Cependant, bien qu’il constitue
un premier pas en matière d’évaluation quantitative de la solvabilité,
le ratio Cooke ne prend pas suffisamment en compte les différents
risques pris par les banques au travers de leurs actifs.
En effet, la classification des risques en quatre catégories seulement,
en fonction de la nature de l’emprunteur et les pondérations de risque
fixes correspondantes, ne tenaient pas suffisamment compte de la qualité
réelle des actifs détenus. De plus, il était possible pour les
établissements de procéder à des arbitrages entre les risques
potentiels. Ainsi, pour réduire leur charge en immobilisation de fonds
propres, les banques n’hésitaient pas à préférer acquérir des actifs
réputés sans risques (les titres de dette souveraine émis par les États
de l’OCDE), plutôt que continuer à accorder des crédits à des projets
supposés plus risqués parce que portés par des entreprises privées. Les
nouvelles techniques de diminution des risques, telles que la
titrisation des crédits ou les produits dérivés sur les risques de
crédit, étaient ignorés. Les risques opérationnels, qui comprennent les
erreurs des opérateurs humains ou automatiques et les évènements
qualifiés d’ « extraordinaires », n’étaient pas pris en compte.
Afin de pallier
tous ces manques, le dispositif de Bâle
II a, entre autres, créé un nouveau ratio de solvabilité : le ratio Mc
Donough, calculé en pondérant le actifs selon le profil de risque
associé à
la catégorie de la contrepartie : grandes entreprises, États et
administrations publiques, banques, particuliers et petites entreprises. Tout d’abord, là où l’ancien ratio minimum de fonds
propres ne couvrait que deux types de risques dans la définition des
actifs pondérés, le risque de crédit et le risque de marché, l’accord
Bâle II comporte des changements substantiels du traitement du risque de
crédit, le maintien inchangé du dispositif de 1996 sur le risque de
marché et l’introduction explicite du risque opérationnel qui conduit à
inclure une mesure de ce risque au dénominateur du ratio de fonds
propres d’une banque. Afin de mesurer leur
risque de crédit, les banques ont le choix entre trois options qui
déterminent en conséquence le niveau de fonds propres requis :
elles peuvent
utiliser d’une part les évaluations externes d’agences de notation
reconnues : c’est l’approche standardisée.

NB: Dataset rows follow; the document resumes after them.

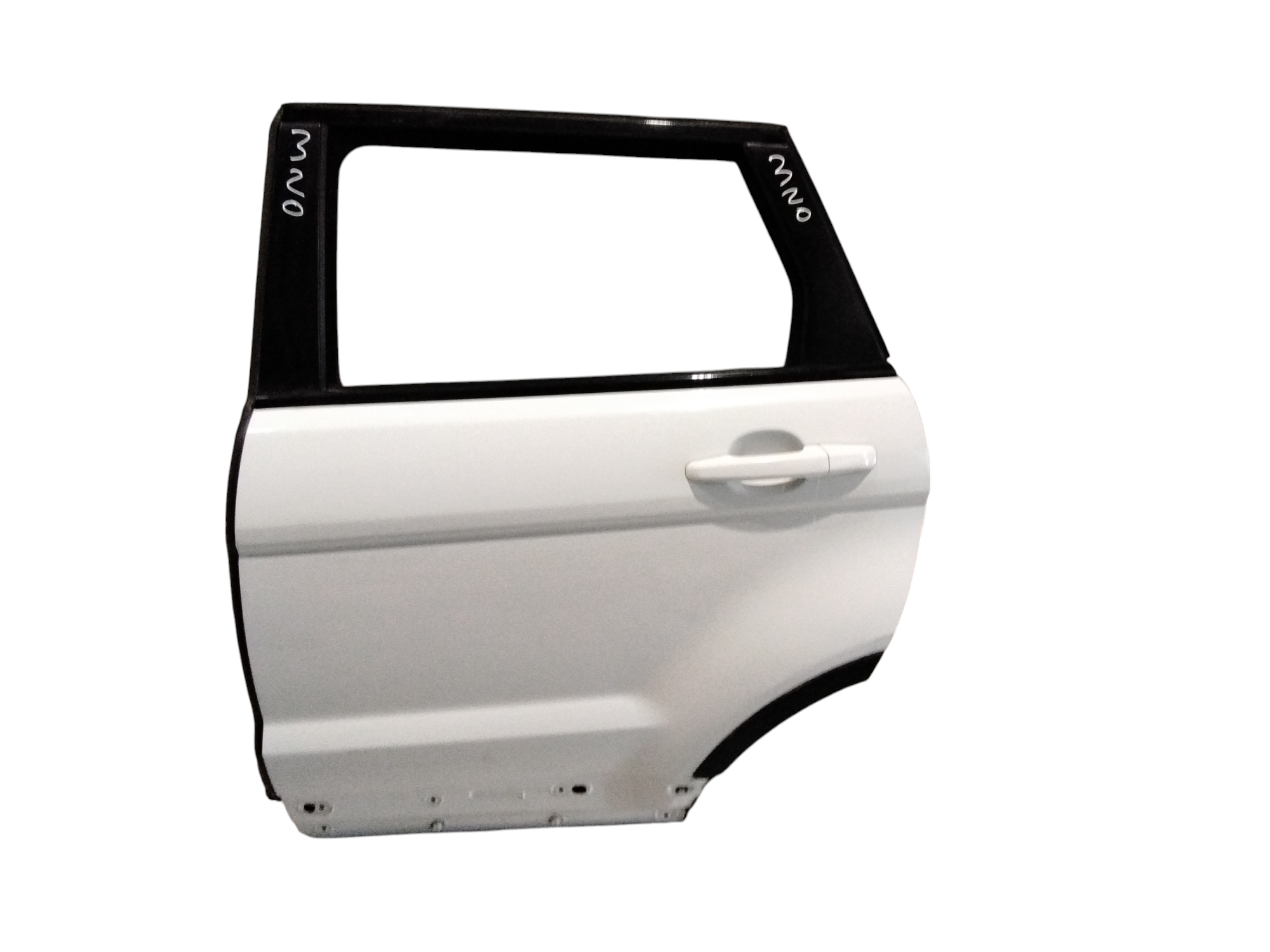 Portiera Posteriore Sinistra per Land Rover Range Rover Evoque 1 Serie (2011 - In produzione)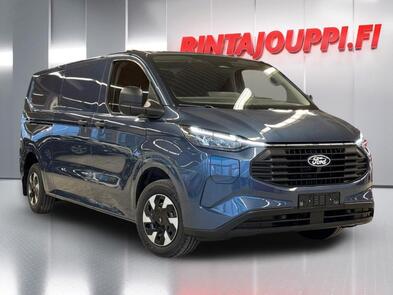 vaihtoauto Ford Transit Custom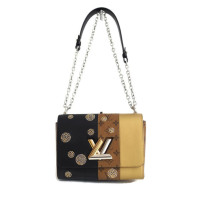 Louis Vuitton Twist MM23 Leather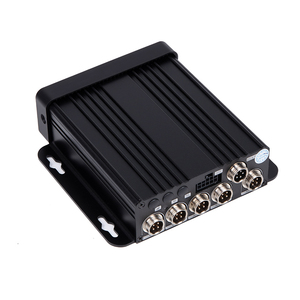 Enregistreur vidéo Lanchi LC-M10CH4 4CH 3 caméras avec capteur G, vision nocturne, enregistrement en boucle, garantie 1 an - Product Image 1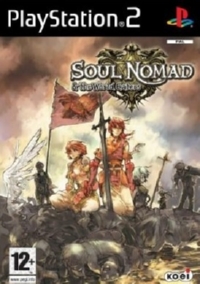 Soul Nomad & The World Eaters - PS2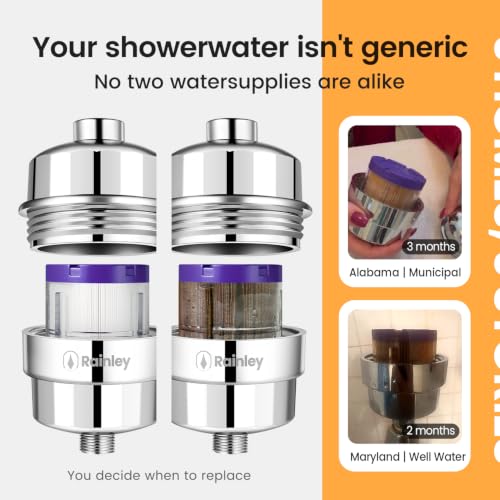 Bossa Shower Filter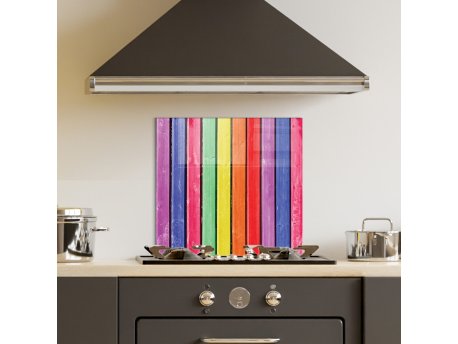 WALLXPERT Dekorativna slika 2024 (60 x 60)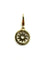 Bracelet BVLGARI. Bracelet Charms en or jaune 18K 58 Facettes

D’autre part elles peuvent utiliser leurs
modèles de notation interne
en adoptant : -soit une approche
simple, c’est la notation « Fondation », en anglais
IRB-F pour Internal Ratings Based Approach Foundation. -soit une approche
complexe, c’est la notation « Avancée », en anglais
IRB-A pour Internal Ratings Based Approach – Advanced. L’approche standardisée
La pondération des
risques est plus diversifiée que dans le ratio Cooke puisqu’elle est
désormais échelonnée sur la base des notations externes d’agences de
rating reconnues. Prenons comme exemple les notations (simplifiées)
de l’agence de Standard & Poor’s :
Si l’entreprise n’a
pas de notation externe, ce qui est le cas des PME, la banque doit
appliquer une pondération de 100 %. Le traitement de tous les types
d’actifs est prévu.
L’approche notation interne (IRB Approach)
C’est la deuxième
façon d’évaluer le risque de crédit sur la base, cette fois, des
évaluations ou notations internes des banques. Cette méthode est
réservée aux établissements disposant d’un savoir faire reconnu par
leurs autorités de contrôle en matière de mesure et de gestion des
risques. Pour calculer la pondération du risque, la banque doit calculer
cinq paramètres pour chaque crédit : • La probabilité
de défaillance (PD). La règlementation pose qu’un défaut est
enregistré lors de la première occurrence d’un non paiement face à une
obligation financière, quelle qu’elle soit.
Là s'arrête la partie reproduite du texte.